Dibble likes both the concept and the character of this panel.

UPDATED 8:50 p.m. July 6 — With the governor and legislature at an impasse, enter what some might label the Superheroes of Sensibility. 

Some of Minnesota’s brightest political minds have put together a bipartisan panel tasked with devising a solution to the state’s $1.7 billion budget gap and ending the state shutdown.

The committee, which will begin its work as early as Wednesday, was created by former Minnesota politicians Vice President Walter Mondale, Gov. Arne Carlson and U.S. Sen. Dave Durenberger.

“We were trying to find people with superb professional backgrounds and exemplary roles in impartial public leadership,” Mondale told reporters Tuesday morning at Minneapolis City Hall.

Members of the committee include:

  • Steve Dille; Co-chair (former GOP state senator)
  • Wayne Simoneau; Co-chair (former DFL state legislator)
  • John Gunyou (city manager of Minnetonka)
  • Jay Kiedrowski (former Finance commissioner under Gov. Rudy Perpich)
  • Jim Campbell (former CEO of Wells Fargo)
  • Kris Johnson (former vice president of Medtronic)
  • Jim Schowalter (current Minnesota Management and Budget commissioner)

“This is as good a group as could have been assembled," Carlson said. "With John Gunyou and Jay Kiedrowski, in particular, we certainly have two of the best finance people in Minnesota history, as far as I’m concerned."

State Sen. Scott Dibble, a Democrat who represents a piece of Southwest Minneapolis, likes both the idea behind the committee and its composition.

"I think it is a good thing because the people who came up with it," he said. "Those who will hopefully take an active role are highly respected and people who have successfully managed the state during past difficult situations."

The failure of the legislature to do its job this session has necessitated the panel's formation, Dibble said.
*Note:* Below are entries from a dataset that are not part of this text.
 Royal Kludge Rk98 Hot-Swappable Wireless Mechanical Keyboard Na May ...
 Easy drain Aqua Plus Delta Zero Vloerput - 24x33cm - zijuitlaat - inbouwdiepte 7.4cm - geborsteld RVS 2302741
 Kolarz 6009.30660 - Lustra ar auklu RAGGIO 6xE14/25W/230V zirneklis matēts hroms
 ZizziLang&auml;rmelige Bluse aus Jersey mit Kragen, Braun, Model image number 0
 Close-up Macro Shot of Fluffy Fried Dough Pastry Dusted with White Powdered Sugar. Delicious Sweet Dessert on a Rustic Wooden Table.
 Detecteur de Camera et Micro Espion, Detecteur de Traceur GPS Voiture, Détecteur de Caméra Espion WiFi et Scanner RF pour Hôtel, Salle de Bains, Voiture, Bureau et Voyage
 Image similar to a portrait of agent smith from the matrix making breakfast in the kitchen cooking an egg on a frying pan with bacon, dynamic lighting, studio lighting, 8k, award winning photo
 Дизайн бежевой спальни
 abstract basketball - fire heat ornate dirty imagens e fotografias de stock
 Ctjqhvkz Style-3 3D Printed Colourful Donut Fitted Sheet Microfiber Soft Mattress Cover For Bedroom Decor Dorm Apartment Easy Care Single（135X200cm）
While the people of the panel are beyond reproach, Dibble said, "this is most likely going to come down to the people of Minnesota."

"The citizens have to apply pressure to open up a space for a resolution to take place," he said. "Compromise must occur because compromise is a big part of the design of the political process in this country."

Carlson and Mondale each stressed the importance of finding a quick solution to the budget impasse—both for the state and people of Minnesota.

“Our fear is that large sums of money, large interests will come into Minnesota and cause a freezing of attitude and make it very difficult for compromise to become a reality,” Carlson said.

Mondale added: “We understand that thousands of people depend on Minnesota’s ability to resolve this crisis quickly.”

Neither Mondale nor Carlson will serve on the committee. Their role was one of creation and sponsorship.   

“We’re not in this to negotiate,” Carlson said. “We’re in this to provide a third solution. I would anticipate the ultimate support of the both parties.”  

Carlson said he expects the committee to come up with a workable solution no later than Friday. Whether legislators and the governor will heed any recommendations offered from the group is an open question.

Southwest Minneapolis Patch is continuing to reach out to your legislators and will update this story with their thoughts as they come in.

Kevin O'Donovan July 07, 2011 at 01:04 PM
Dayton rejected the largest budget in state history. He is following Obama's example of equating personal financial success with selfishness. He has caused needless pain and anxiety to unemployed state workers and many Minnesotans in order to support Democratic Party positions for the upcoming elections. The people of Minnesota are not well served by his cynical political ploys and posturing. A committee of self styled elites serves no purpose but to satisfy the egos of the participants, advance their personal agendas, and give them some camera time.
John Ferman July 07, 2011 at 02:41 PM
Former Governor Arne Carlson expressed a fear that outside interests and money would come in to influence the vacuum the impasse wrought. He missed the influx by an unknown number of months - the majority of Republican Senators and Representatives long ago signed the Grover Norquist "no tax" pledge. The Norquist organization 'advises' donors to political campaigns, so it can be realized that politics is beyond the control of Minnesoa voters for at least a year. There is a basic and fundamental story buried underground of which Minnesotans are unaware. It will be a tough story to uncover, because of the large money interests involved.
Frank Drake July 08, 2011 at 04:33 PM
When is the Media going to Publish Mark Dayton's Holiday Cards where he explains how he's alone, his life's a mess. Forget about his breakdown. This is common knowledge. Stop blaming others for one man's incompetence.